Os tempos continuaram a decorrer com normalidade e sem sobressaltos.


Todavia, “não há bem que sempre dure, nem mal que nunca acabe”. Os réditos iniciaram a sua quebra. Os produtos para as sementeiras encareceram a olhos vistos. As condições atmosféricas tornaram-se adversas, até catastróficas, e as colheitas já não compensavam os gastos.


Os subsídios prometidos não chegaram nunca e tudo se complicou numa reviravolta irreversível. Os impostos não entraram a tempo e pagaram-se fora de prazo com as consequentes coimas anunciadas.


Começou-se a entender a borrasca que se aproximava e a ginástica exigida para travar as recuas que, em breve, iriam conduzir à derrocada inevitável e ao desespero de toda a família, Esforço ingente, mas quase infrutífero. Contudo, nada de desanimar. Talvez viessem a aparecer outros caminhos para soluções possíveis.


O chefe da família, homem vertical, sensato, inconformado mas delicado, de poucas falas e menos exigências, contentando-se com o que era de sua pertença, convocou o conselho familiar donde saiu a resolução de se

venderem alguns dos bens que não constituíam uma primeira necessidade e, pelo contrário, acarretariam grandes despesas diárias.


Imagine-se, então agora, a dor e o desalento que começou a invadir a mente de quem, depois de alguns anos de tenacidade e trabalho, se viu forçado a tomar resoluções que jamais pensou experimentar.
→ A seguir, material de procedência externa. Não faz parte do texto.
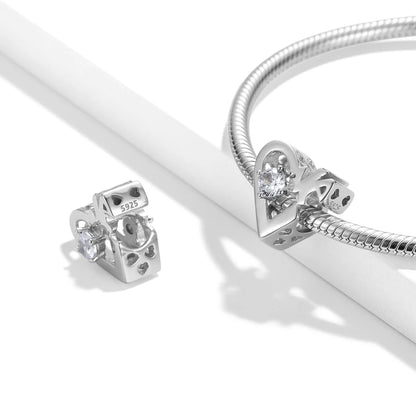 Clear CZ Heart Love Bead Charm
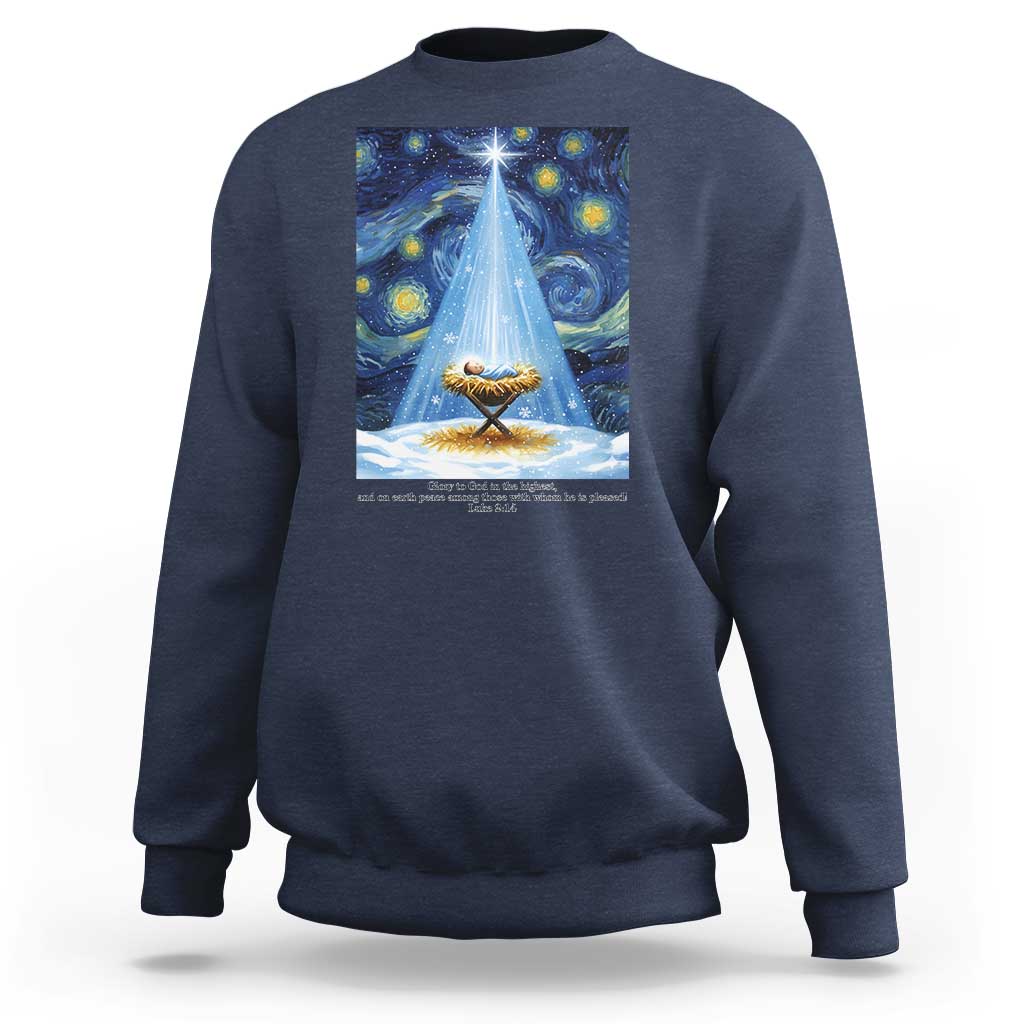 Christian Christmas Sweatshirt Nativity Scene Jeus Baby Starry Night Xmas - Wonder Print Shop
Todo o agregado iria privar-se de muitas coisas, legítimas aliás, para que o equilíbrio orçamental pudesse resguardar-se de uma vergonha, na derrocada social nunca prevista mas, de certeza, aceite com humildade e esperança num futuro mais risonho.


Bem se olhava para trás, mas nada havia a fazer. Alguém, os senhores mandões, as instâncias e as confusões internacionais e as investidas do grande capital tinham já provocado um deslize geral numa sociedade que não se preparara, previamente, em ordem a tamanho embate. E nem é de bom augúrio falar na gama incontável de oportunistas e calculistas que quiseram pôr a salvo as suas economias pessoais ou de empresa.


Apesar de tudo, a tal família conseguiu ainda conservar em sua posse algumas coisas e bens estritamente precisos para os trabalhos diários e em prol da própria sobrevivência. E, dentre esses haveres, ficou o burro que, não significando opulência nem divertimento, sempre ia sendo utilizado em certas lides do campo.


Mas… ora, sobre o asno diga-se que foi o causador inocente de um rude golpe final com consequências a roçarem o drama. Todavia ele, também vítima de uma crise sem precedentes, precisaria de ser alimentado para conservar as forças.


O seu dono e responsável da casa sentiu-se na necessidade de procurar meios para uma solução que tardava a chegar. Saiu em busca sem saber de quê. Calcorreou caminhos e veredas mas pouco descortinou nos seus horizontes. Lançou mão de um fardo de palha que não era propriedade sua; noutra horta colheu uma couve e apanhou umas peças de fruta que pendiam sobre a rua por onde passava. O seu ”instrumento” para as tarefas agrícolas comeria durante uma hora ou mais, a família poderia saborear um caldo verde e ter sobremesa.


Com alguma serenidade interior, decidiu compartilhar com um amigo o que sucedera. Azar para ele. A sua conversa telefónica foi interceptada por serviços secretos desconfiados e denunciada.


E, logo no dia seguinte, teve a desagradável surpresa da visita de uns agentes policiais que o intimaram a uma ida ao tribunal perante um juiz que, de imediato, o julgou, condenou e mandou conduzir para a prisão, durante uns quantos dias.


Foi um período suficiente para o homem e os seus pensarem pesadamente: “Como é plausível que haja uma condenação linear desta natureza por coisa de tão pouca monta, quando outros crimes de falcatruas, cumplicidades e atropelamentos feitos por pessoas conceituadas aos mais desfavorecidos e numa sociedade que se apelida de justa e honesta; levam anos a ser descortinados, nada se quer provar e, ao fim, os seus autores vêem os respectivos processos incriminatórios arquivados sendo considerados inocentes e, até quiçá, indemnizados?”


Na verdade, há mesmo razão para nos sentirmos, todos nós, muito incomodados por este desaforo de incongruências que enxameiam o país que habitamos e do qual, pelo contrário, nos deveríamos sentir orgulhosos.